## Problem to solve
Leave the images out. Give every line below again, precisely.

━━ Data extract

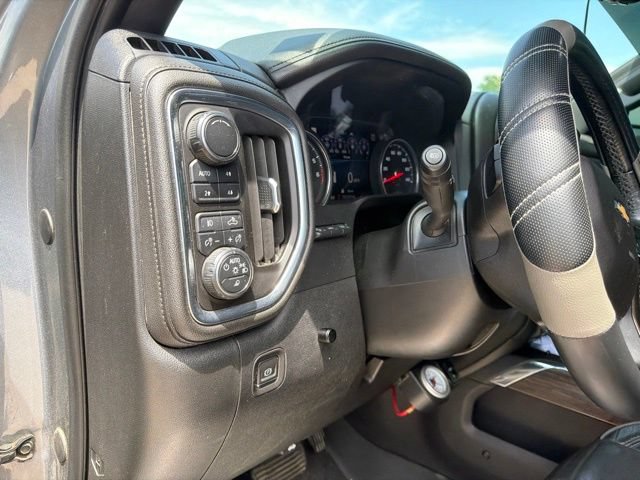 Used 2019 Chevrolet Silverado 1500 High Country w/ Technology Package AWD/4WD image 16
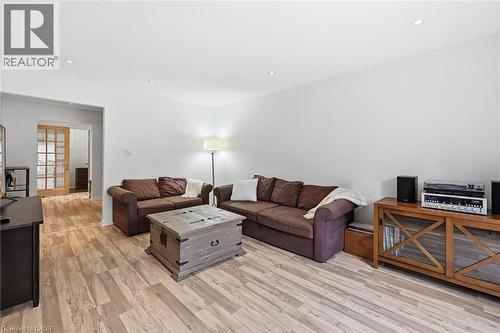 712 Auburn Crescent, Burlington, ON - Indoor Photo Showing Living Room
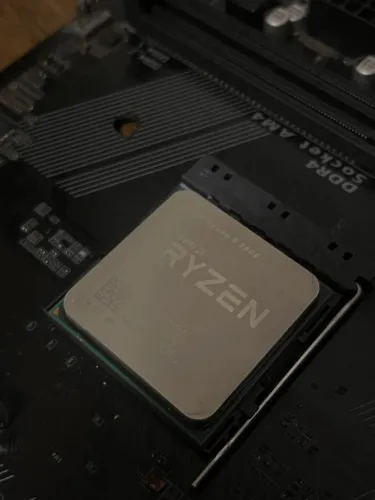 AMD RYZEN 5 2600 - em bom estado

━━━━

## Result of the task
 Used 2019 Chevrolet Silverado 1500 High Country w/ Technology Package AWD/4WD image 16
 712 Auburn Crescent, Burlington, ON - Indoor Photo Showing Living Room
 AMD RYZEN 5 2600 - em bom estado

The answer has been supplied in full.